In 2024, almost 18,900 Election Day registrations involved vouching. Of those, 13,441 were updates to existing voter registrations. Another 5,457 were brand-new registrations, people who showed up at the polls, had someone vouch for where they lived, and cast a ballot the same day.
The 2020 cycle showed a similar volume: 17,616 vouched-for registrations or updates, including 5,069 new registrations. The 2022 midterms saw a dip to 10,278 total, with 2,215 new registrations.
Put another way, more than 12,700 people registered to vote for the first time across those three cycles using a system that requires no photo ID, no utility bill, and no government-issued proof of address, just an oath from a fellow registered voter or a residential facility employee.
Under Minnesota law, a registered voter from the same precinct can accompany someone to the polls and sign an oath confirming that person's address. A single voucher can attest for up to eight voters. Employees of certain residential facilities, nursing homes, group homes, and similar institutions, can do the same for their residents.
The person being vouched for must still present some form of identity document. But as the New York Post has reported, the acceptable IDs include items that do not prove citizenship: expired identification cards, school IDs, military IDs, and even foreign passports. Critics note that Minnesota's 2023 "Driver's Licenses for All" law, which grants licenses regardless of immigration status and without citizenship markings, compounds the concern. A noncitizen could, in theory, present a valid Minnesota driver's license and have a registered voter sign an oath, and the state would have no mechanism to flag the registration as potentially improper.
That vulnerability is not hypothetical hand-wringing. It is exactly what federal officials have begun to investigate.
The Trump Justice Department sent Minnesota officials a formal demand for records related to the vouching system. Assistant Attorney General Harmeet Dhillon, in a letter to Minnesota Secretary of State Steve Simon, requested unredacted records from the March 2024 primary and the November 2024 general election covering same-day registration and voting.
Dhillon did not mince words about why.
"The Department of Justice is particularly concerned with votes and registrations accepted on the basis of 'vouching' from other registered voters or residential facility employees, as well as other same-day registration procedures."
The DOJ said the purpose of the demand was to determine whether Minnesota's practices comply with the Help America Vote Act of 2002, the federal law that set minimum identification and registration standards after the chaos of the 2000 presidential election.
Dhillon put it bluntly, as the Washington Examiner reported: "This system seems facially inconsistent with the Help America Vote Act of 2002. We'll see!"
Minnesota officials have maintained that vouching transactions are logged and supported by sworn affidavits. But the records AFL obtained tell a different story about the state's appetite for transparency.
When America First Legal sought more detailed information, specifically, data on which vouching method was used in each transaction, the Secretary of State's office responded that it "does not record or maintain data on vouching method." In several other categories, the office said there was "no data responsive" to the request.

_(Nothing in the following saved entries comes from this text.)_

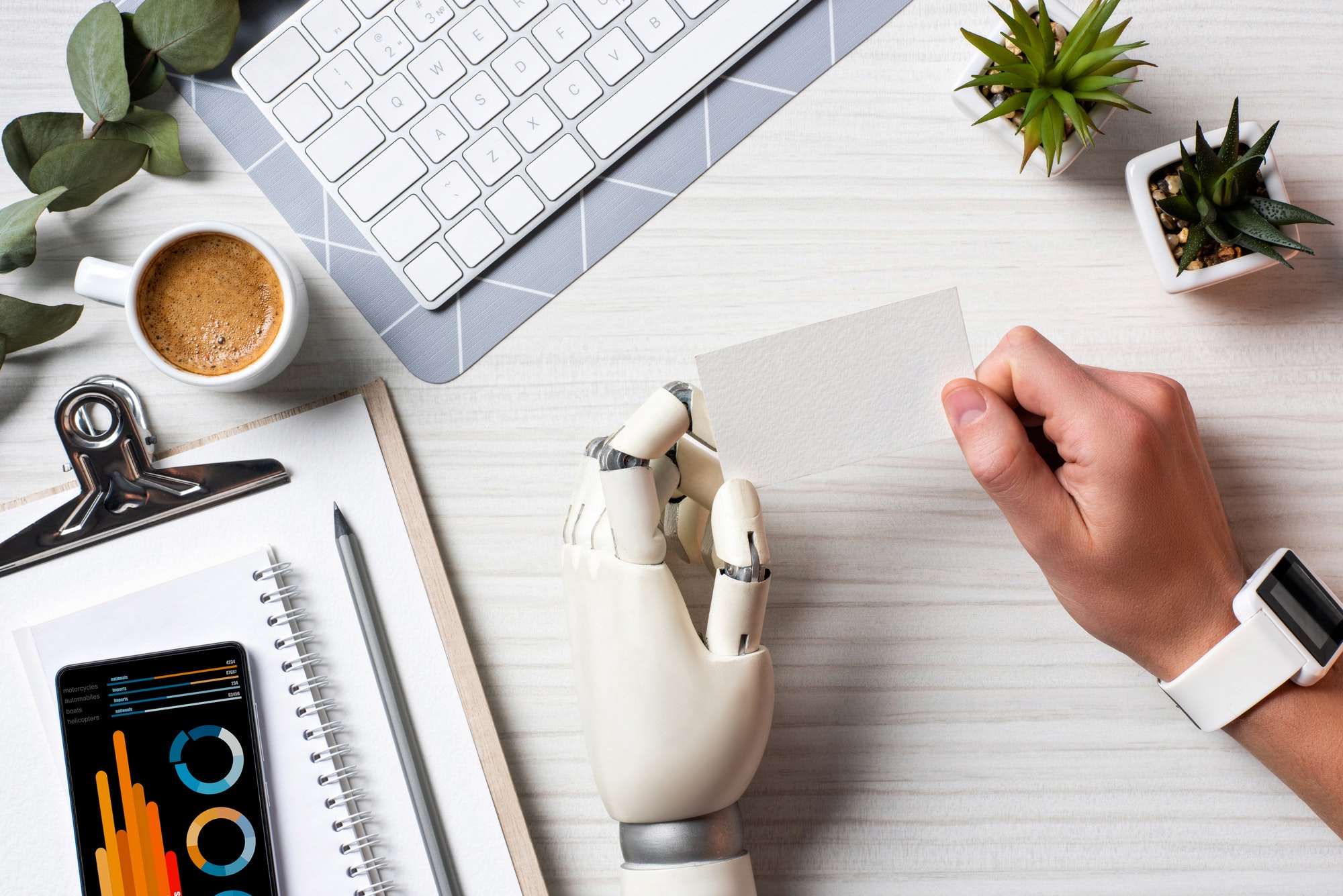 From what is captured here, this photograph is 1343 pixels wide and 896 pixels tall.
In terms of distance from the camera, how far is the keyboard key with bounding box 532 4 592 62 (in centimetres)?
64

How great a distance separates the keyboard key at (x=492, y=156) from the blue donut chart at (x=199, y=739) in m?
0.45

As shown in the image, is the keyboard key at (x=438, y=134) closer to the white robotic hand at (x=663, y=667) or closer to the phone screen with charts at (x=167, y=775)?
the white robotic hand at (x=663, y=667)

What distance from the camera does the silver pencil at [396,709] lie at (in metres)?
0.62

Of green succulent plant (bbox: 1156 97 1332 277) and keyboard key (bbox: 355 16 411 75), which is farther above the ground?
keyboard key (bbox: 355 16 411 75)

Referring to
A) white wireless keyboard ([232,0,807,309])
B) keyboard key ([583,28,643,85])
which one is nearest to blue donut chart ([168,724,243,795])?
white wireless keyboard ([232,0,807,309])

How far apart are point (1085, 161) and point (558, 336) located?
42cm

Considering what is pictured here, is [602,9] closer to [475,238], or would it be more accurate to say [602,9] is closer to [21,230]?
[475,238]

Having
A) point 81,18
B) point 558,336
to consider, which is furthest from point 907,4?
point 81,18

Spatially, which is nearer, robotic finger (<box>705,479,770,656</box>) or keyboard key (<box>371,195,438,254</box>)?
robotic finger (<box>705,479,770,656</box>)

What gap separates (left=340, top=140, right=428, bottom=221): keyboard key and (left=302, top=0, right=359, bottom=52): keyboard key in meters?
0.10

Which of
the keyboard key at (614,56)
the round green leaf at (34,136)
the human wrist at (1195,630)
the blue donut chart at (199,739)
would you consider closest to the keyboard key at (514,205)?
the keyboard key at (614,56)

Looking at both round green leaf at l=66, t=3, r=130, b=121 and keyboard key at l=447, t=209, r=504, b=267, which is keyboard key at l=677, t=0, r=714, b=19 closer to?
keyboard key at l=447, t=209, r=504, b=267

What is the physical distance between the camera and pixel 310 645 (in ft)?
2.14

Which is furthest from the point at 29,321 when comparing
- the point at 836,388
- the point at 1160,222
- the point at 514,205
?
the point at 1160,222
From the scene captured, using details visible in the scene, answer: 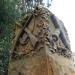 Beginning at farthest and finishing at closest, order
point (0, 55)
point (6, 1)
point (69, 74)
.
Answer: point (6, 1) < point (0, 55) < point (69, 74)

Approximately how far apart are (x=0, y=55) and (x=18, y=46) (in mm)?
3809

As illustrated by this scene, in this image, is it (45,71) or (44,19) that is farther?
(44,19)

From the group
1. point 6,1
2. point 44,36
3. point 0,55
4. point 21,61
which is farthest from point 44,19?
point 6,1

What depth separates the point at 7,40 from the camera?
7988 millimetres

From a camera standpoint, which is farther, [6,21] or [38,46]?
[6,21]

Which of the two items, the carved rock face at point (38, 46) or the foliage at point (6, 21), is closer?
the carved rock face at point (38, 46)

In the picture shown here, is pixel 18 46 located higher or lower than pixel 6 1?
lower

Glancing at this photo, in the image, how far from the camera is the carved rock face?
3.55 meters

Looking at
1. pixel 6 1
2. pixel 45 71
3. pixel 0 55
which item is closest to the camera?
pixel 45 71

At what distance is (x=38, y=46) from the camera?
3662mm

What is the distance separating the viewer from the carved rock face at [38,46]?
140 inches

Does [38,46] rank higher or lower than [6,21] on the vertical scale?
lower

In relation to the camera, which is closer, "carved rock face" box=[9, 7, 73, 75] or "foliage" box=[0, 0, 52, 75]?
"carved rock face" box=[9, 7, 73, 75]

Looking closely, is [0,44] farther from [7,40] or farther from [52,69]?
[52,69] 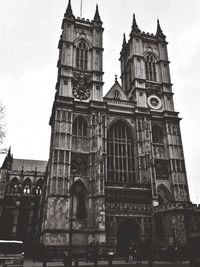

Think about that for a moment. Minnesota allows one person to vouch for up to eight others. It permits residential facility employees to do the same for their residents. Nearly 19,000 registrations relied on this process in a single election. And the state cannot, or will not, say how many involved a neighbor versus a nursing home staffer, or whether any single voucher hit the eight-person cap.
AFL attorney Will Scolinos framed the gap as a deliberate choice, not an administrative oversight.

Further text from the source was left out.